Republican Senators Accuse Geithner of Overstating Debt Default Warnings

Posted in Debt , Financial News

On Thursday, a group of 17 Republican senators accused Treasury Secretary Timothy Geithner of overstating warnings about the U.S. government’s debt default. After Geithner announced in mid-May that the U.S. had reached its debt ceiling, he also discussed the challenge of satisfying creditors before the government would completely default 11 weeks later. Republicans say his warnings about default are exaggerated.

Senators Say Treasury Can Easily Satisfy Creditors

The group of senators, which includes South Carolina Senator Jim Demint, says that Geithner’s warnings about debt default are instilling unnecessary fear into Americans.

The senators wrote a statement to Geithner that noted, “Even if the debt ceiling remains where it is, there will be more than enough money in the Treasury to make the government’s debt payments, thereby avoiding default.”

The statement went on to tell Geithner, “It is irresponsible and harmful for you to sow the seeds of doubt in the market regarding the full faith and credit of the United States.”

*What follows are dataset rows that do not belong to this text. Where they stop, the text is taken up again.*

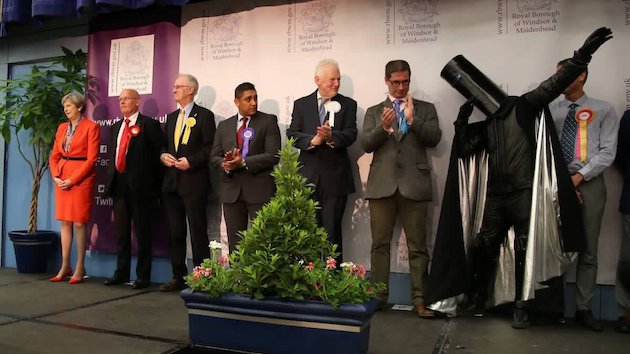 バケツヘッド卿（Lord Buckethead）に関連した画像-04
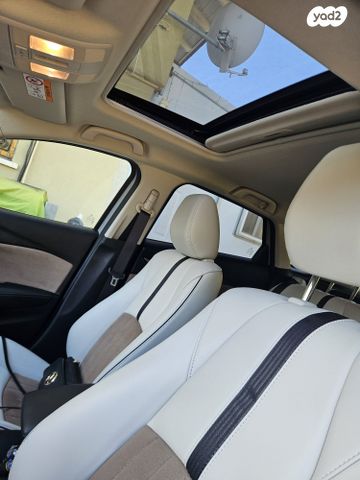 מודעת רכב מאזדה CX-3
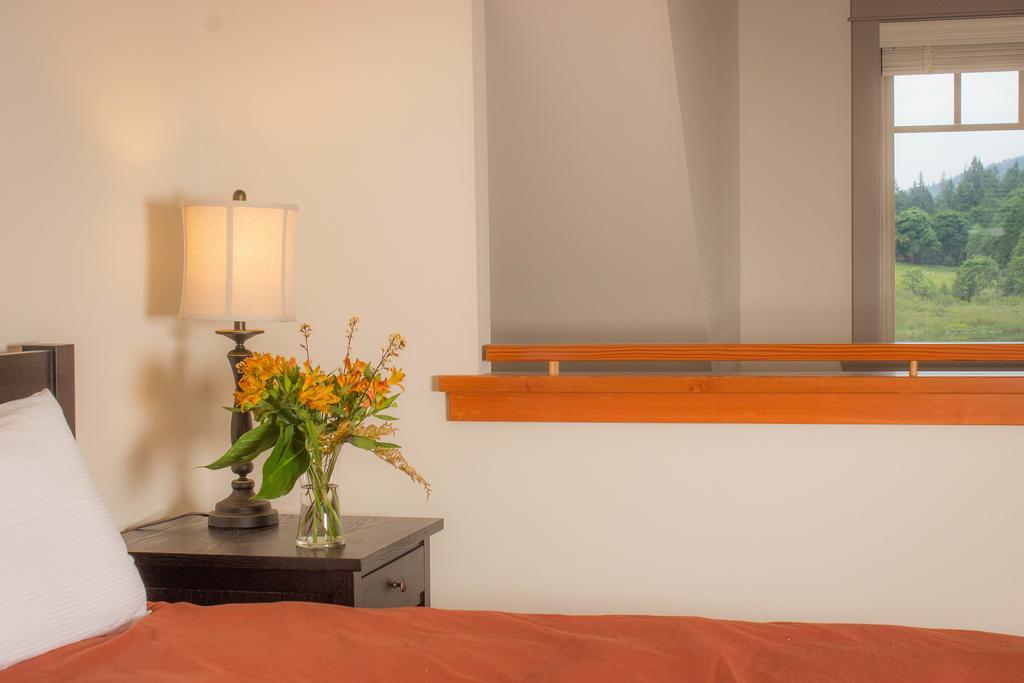The Cottages On Salt Spring Island Ganges Extérieur photo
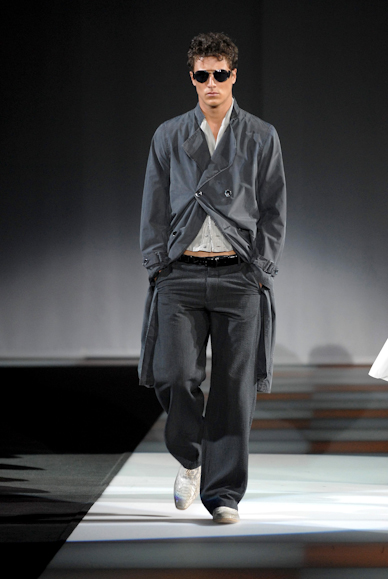 desfiles-armani-milaoverao2008men-167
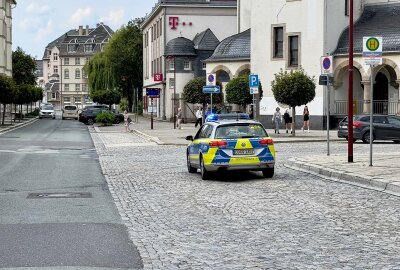 Brennender Mülleimer nahe Auer Postplatz: Feuerwehr im Einsatz - Noch während des Einsatzes wurde die Feuerwehr zu einer weiteren Einsatzstelle auf dem angrenzenden Postplatz gerufen. Foto: Daniel Unger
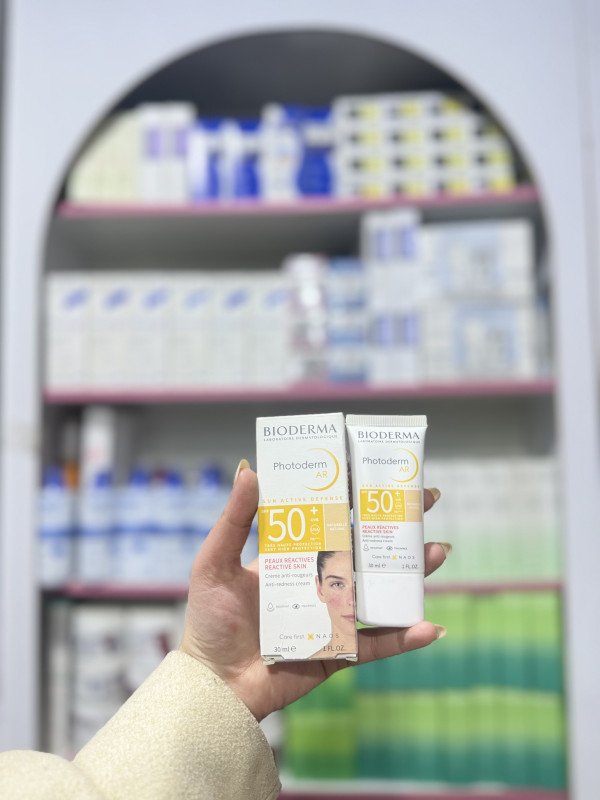 M Bioderma Photoderm AR Anti-Redness Cream SPF50+ Natural 30ml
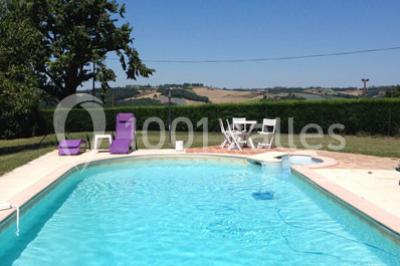 Salle de réception décorée avec des tables dressées, nappes blanches et éclairage chaleureux.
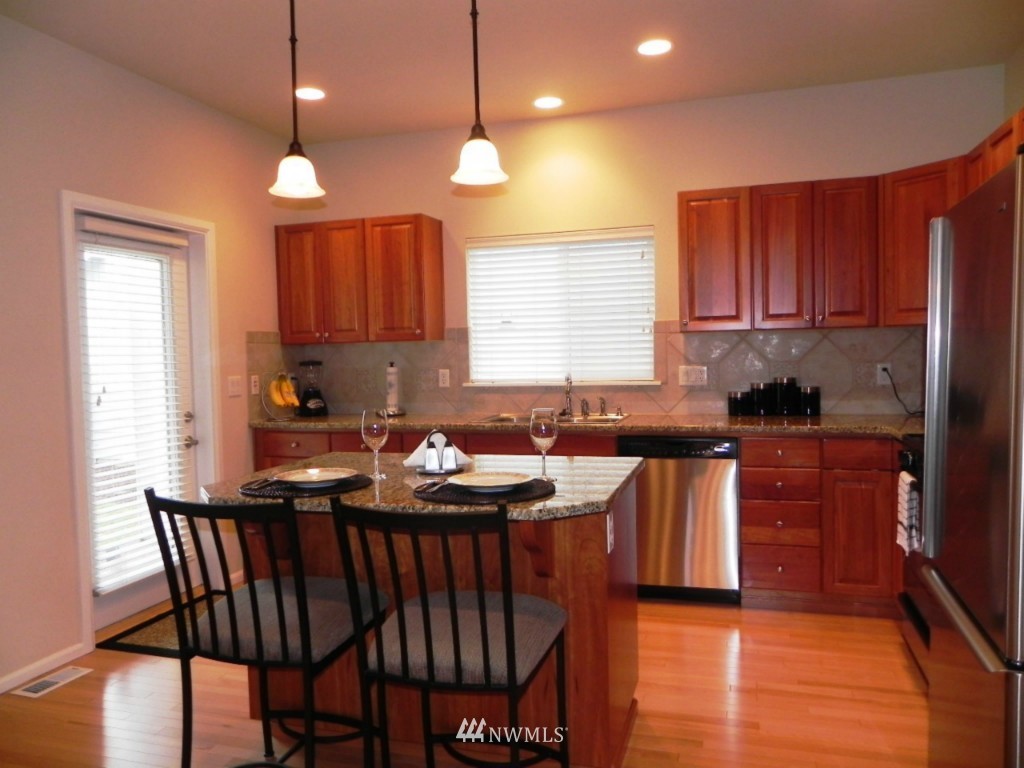 16955 166th Place Southeast Renton, WA 98058 - Photo 8 of 25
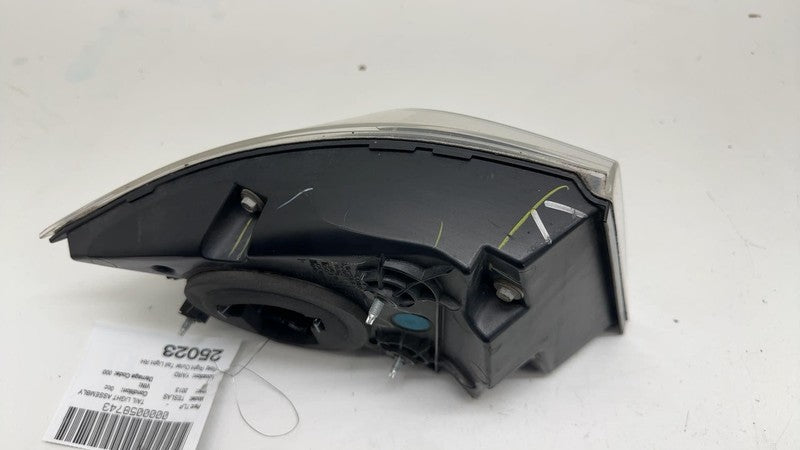 ⭕ 2012-2022 Tesla Model S Rear Taillight LED Outer Tail Lamp Right 600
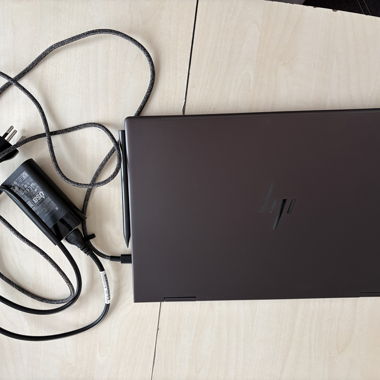 HP Envy x360 15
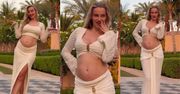 Karolina Pisarek w stroju niczym księżniczka Jasmina pręży CIĄŻOWY BRZUSZEK wśród palm (ZDJĘCIA)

While they admit the economy is still shaky, they say that the Treasury should be able to satisfy creditors if it cuts back on spending. They believe failure to raise the debt ceiling by the deadline, which is now set for Aug. 2, would not be catastrophic.

Treasury Says Failure to Pay Creditors Could Raise Borrowing Costs

The Treasury Department issued a rebuttal to the senators’ announcement by pointing to a Congressional Research Service report that notes the government’s failure to pay a large portion of its bills would not only hurt the economy but could cause investors to lose confidence in the U.S. credit.

Since the U.S. credit rating of AAA is already in danger of dropping, according to Standard & Poor’s, any further loss of confidence could result in borrowing costs increasing substantially.

Treasury spokeswoman Colleen Murray said in a Reuters report that it was “misguided and deeply irresponsible,” for senators to suggest that “instead of meeting their responsibilities, the United States should for some indefinite period stop paying nearly half of its bills.”

Republicans in Congress are refusing to raise the $14.3 trillion cap on U.S. borrowing authority until the White House and Democrats to make deep spending cuts. Both parties agree that any increase in the cap must come with steps on how get the deficit under control.

Currently, the Treasury is dipping into federal pension funds to pay the country’s bills. It says this should hold off a default until August, but the Obama administration insists that if the debt ceiling isn’t raised, the U.S. will be forced to default on its obligations, which could ultimately push the economy back into a recession and cause problems for markets around the globe.